А в лесу!.. В лесу, конечно, медведи знают, что у нас в комнате медвежья шкура… Чуткие они — медведи-то. Чуют своего… чуют издалека. И тянет их, тянет к нам, к дому… Придут… придут съесть…

…Днем медведей из леса не боятся. Зато змей в нем видимо-невидимо! «Они и в дом заползают: их можно и в постельке найти!..» «Ты хочешь спать лечь — хвать, под одеялом-то уж ли, змея ли — упаси господи!»

Однажды, когда я играла на дворе у качелей между двумя деревьями, на колени ко мне вполз уж.

Все, кто был тут, разбежались: они побежали молока искать… потому что, «если ужу да молока показать», он тотчас оставит человека и пойдет пить…

Пока бегали, а я, застыв от испуга, сидела недвижима, уж сполз в траву; принесли молока на блюдечке, а ужа и след простыл…

«Упаси господи в лес зайти!» — стращала няня Макарьевна и глаз не спускала, чтобы мы за ограду двора не выбежали… «Упаси господи! Лес страшный, дремучий, конца-края нет! Зайдешь — не выйдешь! Думаешь, по солнышку дорогу домой найдешь? Как бы не так — солнышка там не видать… Думаешь, домой повернул, к дому идешь, ан все от дому, все от дому уходишь!.. Возьмешь вправо — будто тут дорога-то… Нет! Возьмешь влево все не так. Вот и кружишь, кружишь взад и вперед, туда-сюда, в сторону, пока сил лишишься. Ночь придет, зги не видать, а лес-то все гуще, гуще… деревья большущие, в три обхвата… Валежник, трущоба невылазная: о пни спотыкаешься, кусты царапают — не продерешься; колют сучья, по лицу хлещут… В самую что ни на есть глушь зайдешь… А там, в глуши-то, поляна, и на поляне — разбойники… Шайка, и атаман с ними… у костра лежат… грабленое делят.

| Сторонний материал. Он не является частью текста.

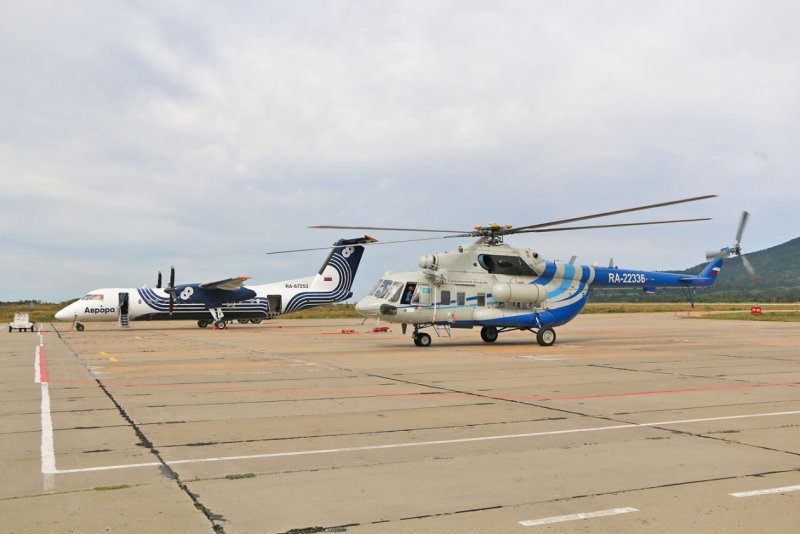 Аэропорт Южно-Курильск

…Или идешь, идешь… оторопь берет. Стал… прислушался… «вдруг что-то хрустнуло — медведь выходит… Встал на задние лапы да тебя и сгреб…»

Только раз помню:

Весь окутан листвой,

Изумрудной стеной

Великан-лес стоял…

Вера Фигнер пяти лет (1857 год)

Стоял без угроз, не пугающий… без «разбойников» и «беглых»; без «медведя» и «заблудившегося», гибнувшего в его дебрях… И это был последний день, когда я «дремучий» лес видела, — день, когда я «прощалась» с ним[87].

Параша ведет меня за руку вдоль извилистой, облитой летним солнцем веселой опушки леса: он у нас слева. Мы идем лугом: трава высокая, и цветы цветут. Высоко стоит солнце на небе, и, мне кажется, его бледную голубизну я вижу и теперь. Горячие лучи льются на деревья, на траву и пекут мое ничем не покрытое темя… Вот легкий спуск — и мы в лесной ложбине, точно в чайном блюдечке, перед нами круглый, плоский естественный резервуар, и вода в нем неглубокая и прозрачная — на дне все мелкие камешки наперечет…

Стоим… Глядим… «Прощаемся»… Завтра мы едем: отца переводят в другой уезд.

И тут же я вижу смерть: в тени деревьев близ воды лежит красный теленок. Лежит и умирает. Подогнул ноги, положил морду на землю и не двигается. На глазах — пелена смерти… И муха опустила хоботок, в каплю гноя в углу глаза.